Web Crawler and Web Scraping on node.js

잡설

예전 맥북을 사기 전에 이런저런 정보를 눈팅하던 중에 ‘재미난(Web Scraping)’ 블로그 포스트가 있어서, 따라해보게 되었다. 당시 운동(Crossfit) 관련 개인 사이트를 만들던 중에 이거다 싶은걸 이 개인 블로그에서 알게된 이후에 이것저것 좋은 정보를 많이 보게 되었다.

뭐든지 ‘넘어지고’, ‘깨져봐야’… 안다!

Prerequisite

기본적으로 Cloud9, node.js, XOS 에 대해서 알고 있다는 가정하게 작성함.

Web Scraping on node.js

좀더 상세한 설명과 예제는 위 ‘잡설’에서 언급한 ‘재미난(Web Scraping)’ 블로그 포스트를 확인하면 된다.

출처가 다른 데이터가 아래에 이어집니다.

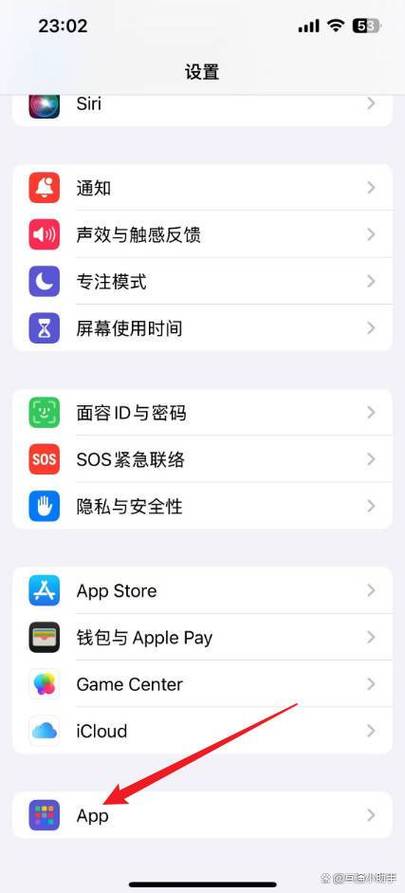 打游戏开麦是什么意思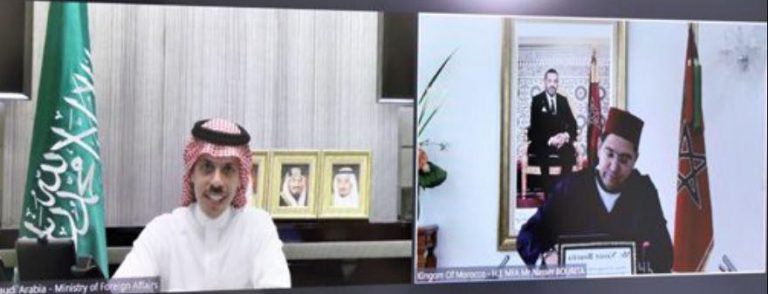 ناصر بوريطة يجري مباحثات مع نظيره السعودي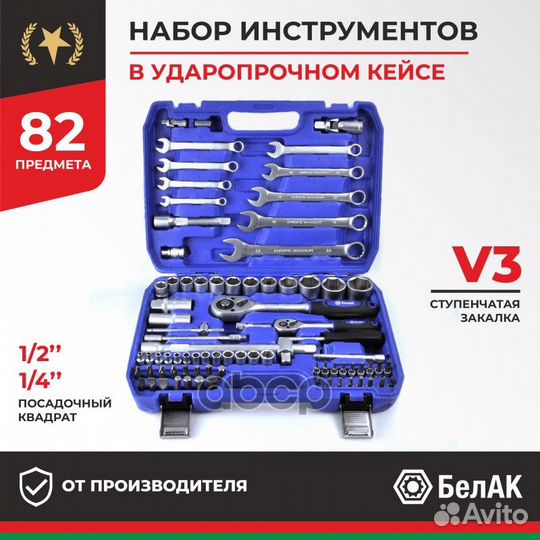 Набор инструмента 82 предметов профи 'бак07003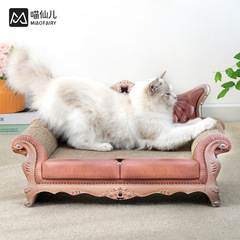 Cat Tree Retro Sofa Waviness Paper Scratch Post Cat Bed Combo Replaceable and Detachable Scratch Cat Toy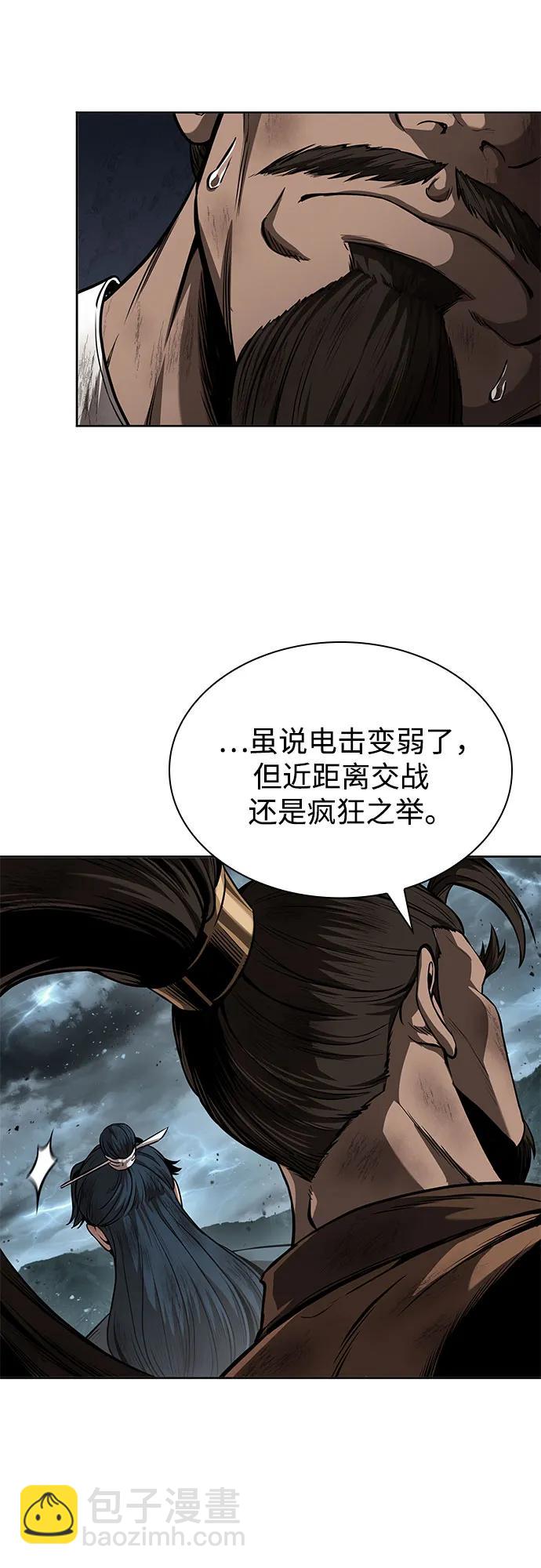 🍟某天成为魔神 256. 第87章. 龙龟（3） 第18页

용어정의(위키피디아) : Web scraping

cheerio 설치

npm install cheerio

Web Crawler on node.js

개인적으로 좀더 깊이있게 공부를 해야함. 지금은 단순히 오픈소스를 이용하여, ‘이런거구나~’하고 느끼는 수준임. 필요하다면 각자가 심도있는 스터디가 필요함.

용어정의(위키피디아) : Web crawler

node-crawler 설치

npm install crawler

간단한 예제

var Crawler = require("crawler").Crawler;
var url = 'http://misfitathletics.com/mft-348'; <-- 개인적인 운동 관련 사이트임.

var c = new Crawler({
    "maxConnections":10,

    // This will be called for each crawled page
    "callback":function(error,result,$) {
    
        // $ is a jQuery instance scoped to the server-side DOM of the page
        //$("#content a").each(function(index,a) {
        //    c.queue(a.href);
        //});
        
        //console.log(result.body)
        
        if(result){
            var page = result.body;
            var res = page.match(/bechtel/i);
            //var res = page.match(/helton/g);
            if(res && res.length >0) {
                //console.log(result.body);
            }
            
            $('a').each(function(index, a) {
                var aHref = a.href;
                console.log(aHref);
                c.queue(aHref);
            });
        
        }
    }
});

c.queue(urlmisfit);

아래와 같은 결과가 나오게 된다.

이미지 추가 예정임..... —

Warp-up

간단히 몇 가지 테스트를 통해 느낀거지만, ‘WebScaping’은 웹서치엔진 ‘WebCrawler’에 일부분이네요. ^^;